The 31-year-old Jagger, in a billowy green silk shirt, a blue ascot with yellow pol
ka-dots, tight black pants and low, black leather boots, blew into the room, affecting shyness. In his deliciously crusty Mockney baritone, he asked, “Am I in the right place?”
The question was ironic. How could Mick Jagger ever be in the wrong place?
For once, the reality beat the fantasy. He could shine his charm on a room of 4 or 5 as brilliantly as he could light up a stadium of 50,000. With his moppy hair, crinkly eyes, and toothy smile, he was radiant, spectacular, gorgeous.

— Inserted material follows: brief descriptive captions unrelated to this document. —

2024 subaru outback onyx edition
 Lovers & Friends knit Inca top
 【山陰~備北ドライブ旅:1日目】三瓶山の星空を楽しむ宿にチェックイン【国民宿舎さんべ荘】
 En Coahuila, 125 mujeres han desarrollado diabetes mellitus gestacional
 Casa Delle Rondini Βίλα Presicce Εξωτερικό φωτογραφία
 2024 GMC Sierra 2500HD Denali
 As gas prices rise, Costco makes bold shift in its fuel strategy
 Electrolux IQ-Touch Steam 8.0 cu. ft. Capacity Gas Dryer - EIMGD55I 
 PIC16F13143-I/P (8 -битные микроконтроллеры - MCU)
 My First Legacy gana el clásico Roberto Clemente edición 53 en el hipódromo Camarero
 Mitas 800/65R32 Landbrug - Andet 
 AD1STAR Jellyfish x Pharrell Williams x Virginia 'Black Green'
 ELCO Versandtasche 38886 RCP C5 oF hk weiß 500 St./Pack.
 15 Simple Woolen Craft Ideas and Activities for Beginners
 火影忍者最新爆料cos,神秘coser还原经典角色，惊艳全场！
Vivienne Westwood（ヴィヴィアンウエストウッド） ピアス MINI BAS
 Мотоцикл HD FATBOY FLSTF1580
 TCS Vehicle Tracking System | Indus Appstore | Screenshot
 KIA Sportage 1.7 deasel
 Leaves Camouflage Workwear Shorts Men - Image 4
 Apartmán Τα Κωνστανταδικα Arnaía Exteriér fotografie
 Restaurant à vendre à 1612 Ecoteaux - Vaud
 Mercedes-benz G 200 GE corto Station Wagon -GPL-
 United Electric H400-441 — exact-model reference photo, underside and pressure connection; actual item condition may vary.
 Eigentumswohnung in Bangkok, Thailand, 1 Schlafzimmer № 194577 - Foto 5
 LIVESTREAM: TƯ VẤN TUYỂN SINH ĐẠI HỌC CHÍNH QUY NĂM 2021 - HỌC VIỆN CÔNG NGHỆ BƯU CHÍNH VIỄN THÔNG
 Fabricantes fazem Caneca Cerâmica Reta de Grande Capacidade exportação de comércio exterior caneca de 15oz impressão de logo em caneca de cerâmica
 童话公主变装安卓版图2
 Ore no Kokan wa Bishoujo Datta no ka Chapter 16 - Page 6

We were all deferential to the future Sir. Even Ramone, whose first record was the Grammy-winning “Girl From Ipanema,” who later recorded Procol Harum’s “Whiter Shade of Pale,” and had worked with the scariest artists from Streisand to Paul Simon to McCartney, seemed a little humbled in Jagger’s presence. Usually, Phil was fiercely possessive of his console. But for some unknown reason, without his client saying a word, he yielded the mixing seat to Mick, who sat down and placed his fingers on the red faders. These were the sliding volume controls for the various instruments: Bill’s steady bass, Charlie’s propulsive kick, snare, toms and cymbals, Mick Taylor’s crying lead guitar, Keith’s indomitable, archetypal guitar riffs, assorted horns, keys, and background vocals, and Mick’s own manically-inspired lead vocals.
We listened to the first song, “Brown Sugar.” Mick adjusted the balance between the instruments, trying to get a blend that would bring you into the middle of the concert.
I was pulled back to 2005, my reverie disturbed by the explosions, fanfare, and the crowd’s ritual cheer that greeted the band when they finally emerged on stage. It was like seeing some more old friends, also noticeably aged, but still having it. Duke and I sat on the right, Keith’s side. As the memory of Charlie pounding the tom-toms and Keith’s syncopated guitar chops on “Brown Sugar” morphed into the real live opening chords of “Start Me Up,” I was lifted out of my seat and filled with joy. If I didn’t have the same endurance I had in ’72, I had a deeper appreciation of the music. I knew every note by heart now. As I had discovered the limits of my own talent through the years, I knew how impossibly magical it was to create such a transcendent spell.